A Rising Economy Raises all Banks
Most of us have heard the adage that a rising tide raises all boats. Apparently, good news in the overall economy (low unemployment, strong GDP growth, lower taxes, wage growth, strong consumer and business confidence) also means good things for financial institutions. The second quarter FDIC report reads like a real feel good story.
The over 5,500 banks that reported for the second quarter saw net income rise to $60.2B, an increase of $12.1B (25.1%) for the period ending June 30, 2018 compared to same period a year ago. Return on assets came in at 1.37% compared to 1.13% a year ago. Return on equity showed similar improvements increasing to 11.8% vs 9.7% a year ago. Net interest margin had a nice increase to 3.38%, up 16bps from a year earlier. This improvement was broadly felt as over 70% of reporting institutions indicated improved margins.
These numbers are particularly good news as the fed funds rate has increased from 0.75% coming into 2017 to the current level of 2.0% as of June 13, 2018. While this increase in the fed funds rate has the affect of increasing revenues from prime-based floating rate loans, it also has the potential of increasing the bank’s interest cost.
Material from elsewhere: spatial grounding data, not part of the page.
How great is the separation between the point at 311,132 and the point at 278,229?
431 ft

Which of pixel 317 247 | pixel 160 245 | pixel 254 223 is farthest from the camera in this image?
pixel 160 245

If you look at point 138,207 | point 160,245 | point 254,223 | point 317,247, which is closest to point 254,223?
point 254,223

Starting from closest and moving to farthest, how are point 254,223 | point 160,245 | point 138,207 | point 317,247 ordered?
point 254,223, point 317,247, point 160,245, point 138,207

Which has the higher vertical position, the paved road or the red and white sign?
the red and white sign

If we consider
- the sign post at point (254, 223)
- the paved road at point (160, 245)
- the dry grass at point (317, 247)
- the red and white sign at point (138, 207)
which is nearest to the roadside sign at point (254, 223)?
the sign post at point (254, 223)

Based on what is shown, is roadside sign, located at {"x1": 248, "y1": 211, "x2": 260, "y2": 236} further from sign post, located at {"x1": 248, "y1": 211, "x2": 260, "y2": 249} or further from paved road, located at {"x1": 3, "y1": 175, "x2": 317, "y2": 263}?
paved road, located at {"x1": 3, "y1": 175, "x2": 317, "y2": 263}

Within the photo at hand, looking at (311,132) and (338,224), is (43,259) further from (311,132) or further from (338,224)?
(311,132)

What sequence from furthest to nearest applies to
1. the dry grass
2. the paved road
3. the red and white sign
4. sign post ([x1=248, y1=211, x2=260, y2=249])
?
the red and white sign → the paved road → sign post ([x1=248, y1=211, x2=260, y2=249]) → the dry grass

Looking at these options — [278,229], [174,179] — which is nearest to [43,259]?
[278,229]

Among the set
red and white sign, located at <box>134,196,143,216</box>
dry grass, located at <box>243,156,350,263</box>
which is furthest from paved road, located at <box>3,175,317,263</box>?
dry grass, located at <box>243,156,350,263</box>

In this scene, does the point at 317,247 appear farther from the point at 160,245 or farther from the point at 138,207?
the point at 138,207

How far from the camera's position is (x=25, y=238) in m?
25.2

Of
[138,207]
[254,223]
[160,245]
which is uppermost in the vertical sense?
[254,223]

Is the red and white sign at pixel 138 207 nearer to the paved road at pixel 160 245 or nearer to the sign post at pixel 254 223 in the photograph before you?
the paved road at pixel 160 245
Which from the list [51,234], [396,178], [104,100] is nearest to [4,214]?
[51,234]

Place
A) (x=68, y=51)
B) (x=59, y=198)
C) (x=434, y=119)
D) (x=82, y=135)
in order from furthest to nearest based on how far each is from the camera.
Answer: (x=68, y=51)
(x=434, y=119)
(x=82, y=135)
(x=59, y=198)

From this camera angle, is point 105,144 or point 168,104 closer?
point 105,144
All in, 85% of banks reported year-over-year increases in net interest income.
The increase in business economic activity and improved consumer confidence has led to increases in banks’ loan portfolios. Loan and lease balances are up 4.2% over levels from a year ago, and up 1.1% from 1Q 2018. The increases have been distributed over commercial and industrial, consumer (including credit card balances), nonfarm non-residential loans, and consumer mortgages. Quality has remained good as well. One-third of banks reported a reduction in loan loss provision from the previous year. Overall provision declined to 5.8% of net operating revenue, the lowest level since 2015. While total dollar amount of charge-offs was up, which was lead by credit card balances (with an increase of 12.8%), the overall charge-off rate remained stable at 0.48%.
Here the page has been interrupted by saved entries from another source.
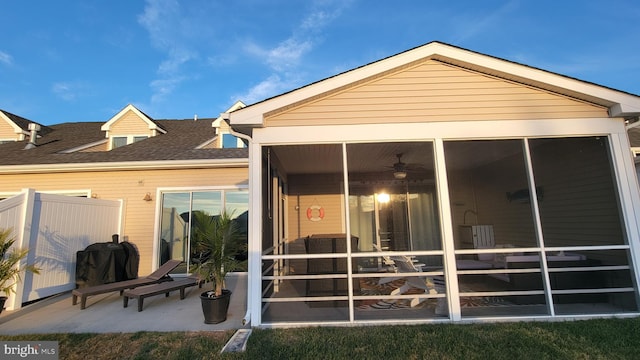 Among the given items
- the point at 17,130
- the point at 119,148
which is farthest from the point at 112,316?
the point at 17,130

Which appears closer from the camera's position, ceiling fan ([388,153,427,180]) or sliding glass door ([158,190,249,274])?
ceiling fan ([388,153,427,180])

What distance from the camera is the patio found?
3.82 m

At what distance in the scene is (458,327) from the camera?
11.6 ft

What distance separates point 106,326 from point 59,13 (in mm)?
9775

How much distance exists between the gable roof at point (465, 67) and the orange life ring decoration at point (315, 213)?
4460 mm

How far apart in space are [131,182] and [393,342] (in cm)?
746

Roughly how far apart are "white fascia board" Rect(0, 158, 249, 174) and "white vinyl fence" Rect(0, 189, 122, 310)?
1.06 m

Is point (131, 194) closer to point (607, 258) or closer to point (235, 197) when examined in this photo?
point (235, 197)

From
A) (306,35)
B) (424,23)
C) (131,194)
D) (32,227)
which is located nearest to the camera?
(32,227)

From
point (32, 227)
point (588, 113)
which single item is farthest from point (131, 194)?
point (588, 113)

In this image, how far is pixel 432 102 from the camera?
4207 millimetres

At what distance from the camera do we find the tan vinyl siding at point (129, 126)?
9.62 metres

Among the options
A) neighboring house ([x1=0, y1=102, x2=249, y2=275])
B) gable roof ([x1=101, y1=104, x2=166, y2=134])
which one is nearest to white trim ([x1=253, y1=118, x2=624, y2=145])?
neighboring house ([x1=0, y1=102, x2=249, y2=275])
While it does appear that all boats (banks) are floating a little higher this year, some boats (banks) seem to have the wind at their back. From the 2Q FDIC report, it appears that the performance boats (banks) are the community banks. Given that this is the segment of the industry where Enlighten Financial focuses its attention, this is of interest and importance.
The FDIC uses five criteria when determining if a bank is considered a “community bank.” While some of the criteria can get a bit complex, in general community banks would exclude specialty banks (such as credit card banks), have a relatively limited service geography, and total assets less than $1B. Of the roughly 5,500 banks included in the 2Q report, 5,100 are considered in the data for community banks.
Looking at the data for this segment, there’s also quite a bit of good news.
- 73% of community banks reported higher net income in 2Q 2018 compared to one year ago with an increase of 21%.
- Return on assets increased from 1.33% to 1.41% compared to 1.37% for all banks.
- Net interest margin rose to 3.69% running 35bps higher than non-community banks.
- 85% of community banks reported increases in net interest income compared to one year ago.
- Loan and lease balances were up 7% in the last 12 months exceeding non-community banks by more that 3%.
- 80% of the banks reported increases in their overall portfolios and 60% reported increases in small loans to businesses and represented 42% of the industry total.
- Loan quality is strong with charge-offs at 0.15% compared to 0.54% for non-community banks.
With all this good news, what could go wrong? Well, the tide cycles two times per day and economics, while not cycling nearly as quickly, does experience ebbs and flows. I would certainly recommend readers look back to Kevin’s blog in July on “Where are the Losses?” While we don’t know exactly where they are now, we do know that they exist. The danger is to be lulled into complacency because of portfolio and income growth, which can lead to relaxed underwriting standards (higher loan to values, lower debt service coverage requirements, etc.) and less rigorous portfolio monitoring. In the meantime, enjoy the pleasant cruise.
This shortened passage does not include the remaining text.